** Source data follows **

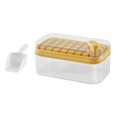 thumbnail image 4 of Bandejas de hielo para congelador reutilizables con tapa y contenedor de almacenamiento Caja de almacenamiento de hielo Fácil liberación 32 cubitos de amarillo individual SOLEDAD fabricante de bandejas de hielo, 4 of 10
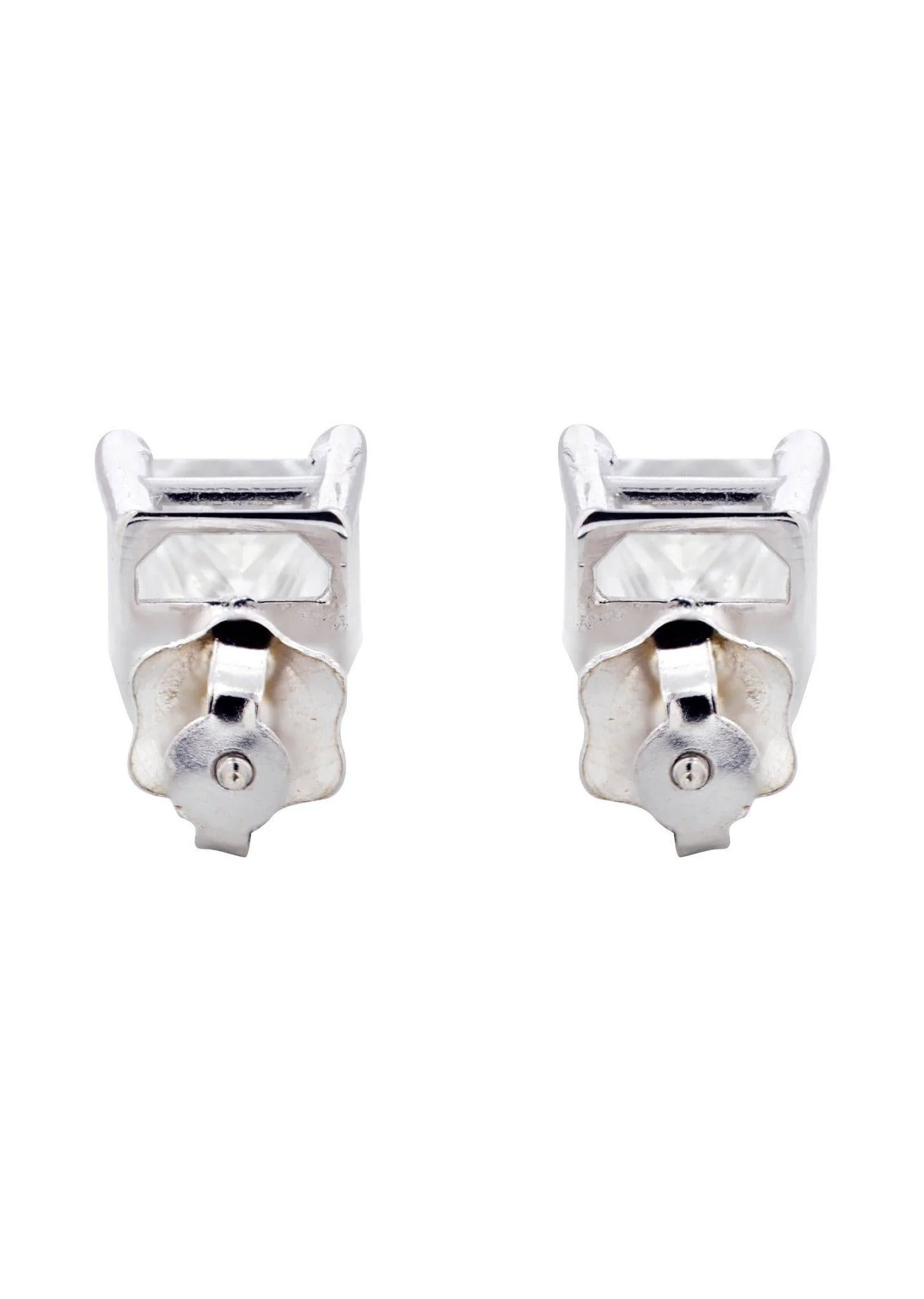 Princess Diamond Stud Earrings | 1.82 Carats - Image 3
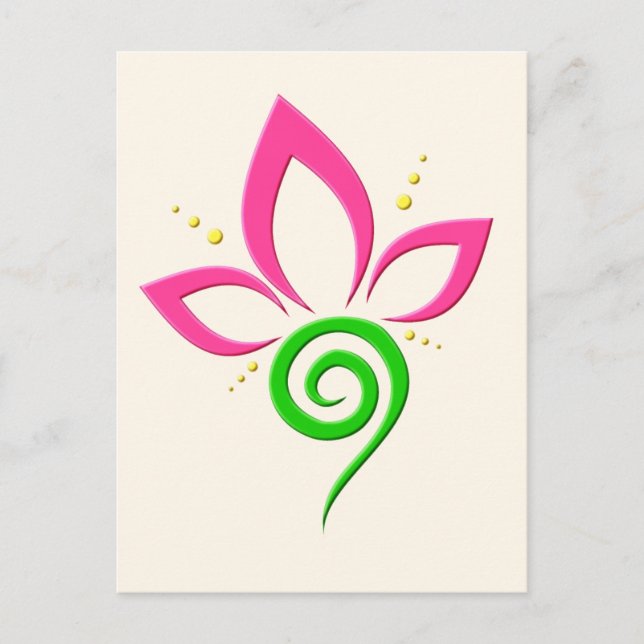 Postal Cisne mágico durante una ducha de verano (Anverso)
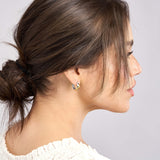 Two-Tone Twisted Round Hoop Earrings - 14K Yellow & White Gold - by Dazyle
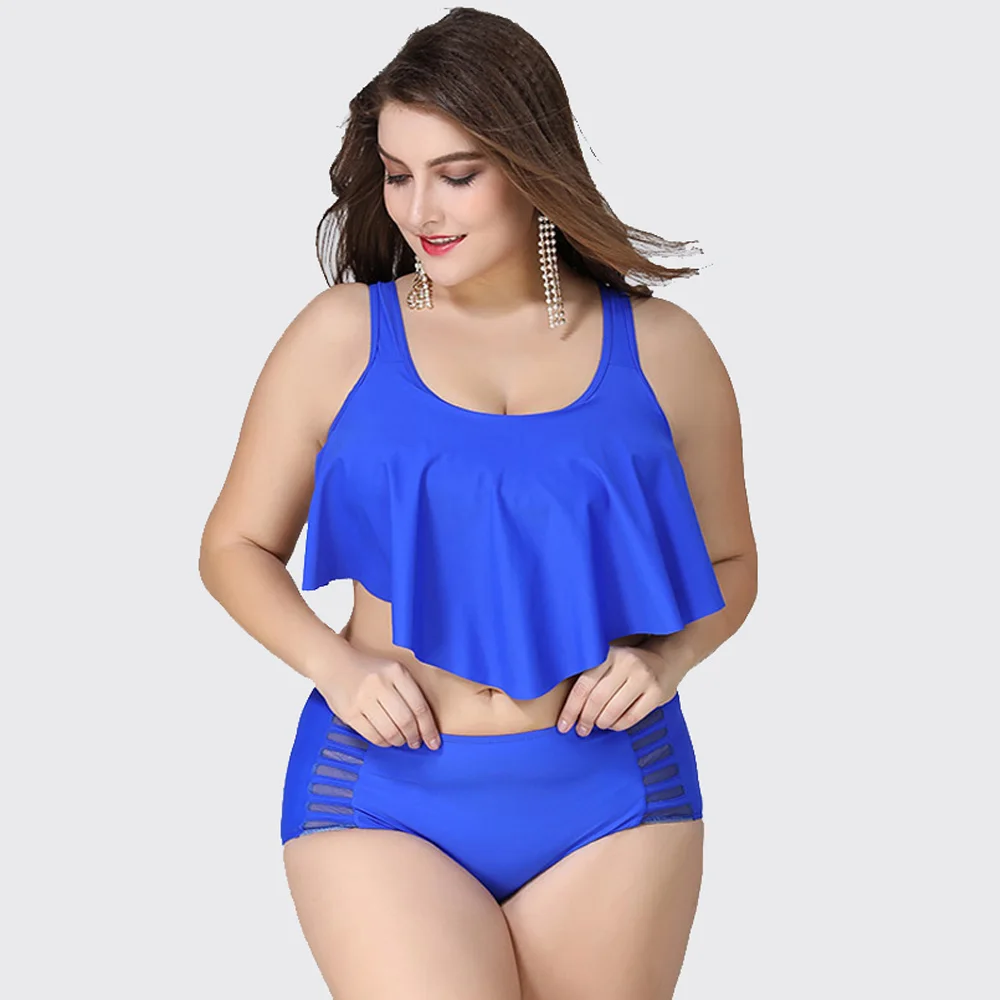 Wipalo Plus Size 5XL Women Set Summer Tropical Halter Open Back Print Tank Top Briefs Casual Two Piece Suits Sexy Beach Wear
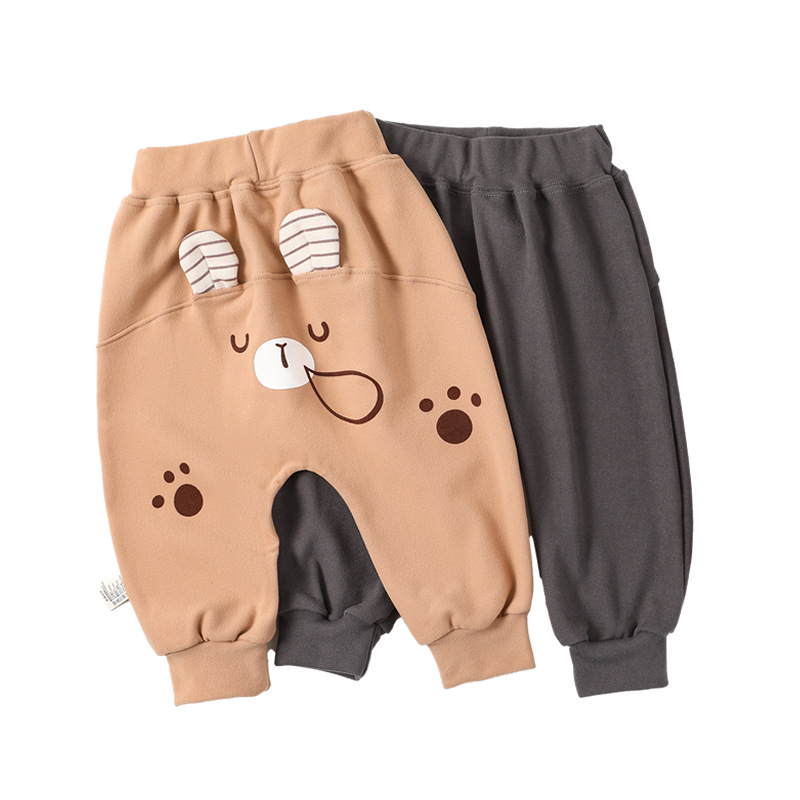 Baba PP nadrágok, kényelmes meleg hosszúnadrág gyerekeknek, poliészter-spandex keverék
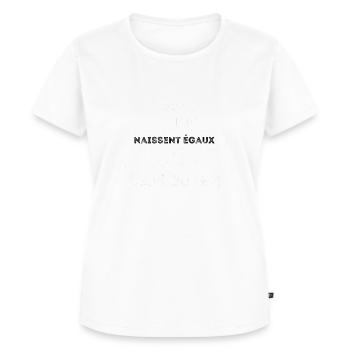 Homme humour meilleur banquier - T-shirt Premium bio Femme - blanc - Devant - AI Model Female 172 dark (172cm)
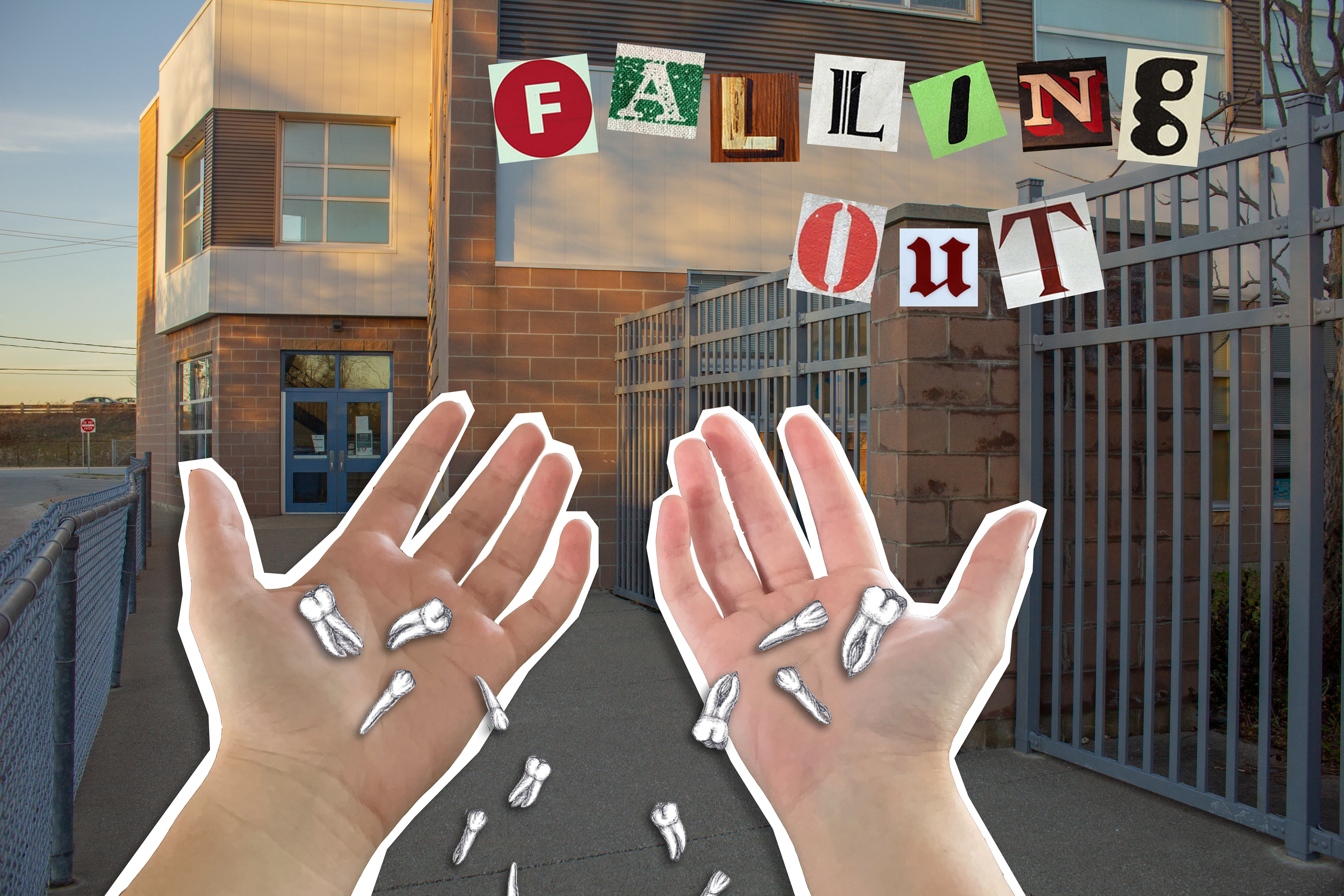 Falling Out. 2022, Photoshop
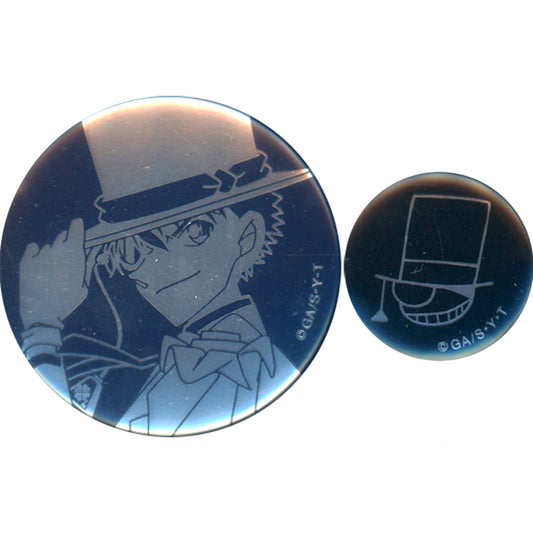 Kaitou Kid Detective Conan Button Set Detective Conan Plaza Limited [USED]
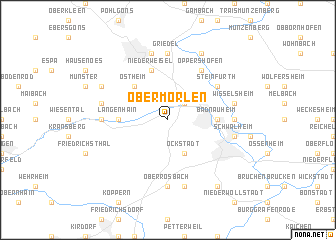 map of Ober-Mörlen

** End of Source data **

Print the data exactly as written, dropping any images it holds.

 thumbnail image 4 of Bandejas de hielo para congelador reutilizables con tapa y contenedor de almacenamiento Caja de almacenamiento de hielo Fácil liberación 32 cubitos de amarillo individual SOLEDAD fabricante de bandejas de hielo, 4 of 10
 Princess Diamond Stud Earrings | 1.82 Carats - Image 3
 Postal Cisne mágico durante una ducha de verano (Anverso)
 Two-Tone Twisted Round Hoop Earrings - 14K Yellow & White Gold - by Dazyle
 Wipalo Plus Size 5XL Women Set Summer Tropical Halter Open Back Print Tank Top Briefs Casual Two Piece Suits Sexy Beach Wear
 Baba PP nadrágok, kényelmes meleg hosszúnadrág gyerekeknek, poliészter-spandex keverék
 Homme humour meilleur banquier - T-shirt Premium bio Femme - blanc - Devant - AI Model Female 172 dark (172cm)
 Falling Out. 2022, Photoshop
 Kaitou Kid Detective Conan Button Set Detective Conan Plaza Limited [USED]
 map of Ober-Mörlen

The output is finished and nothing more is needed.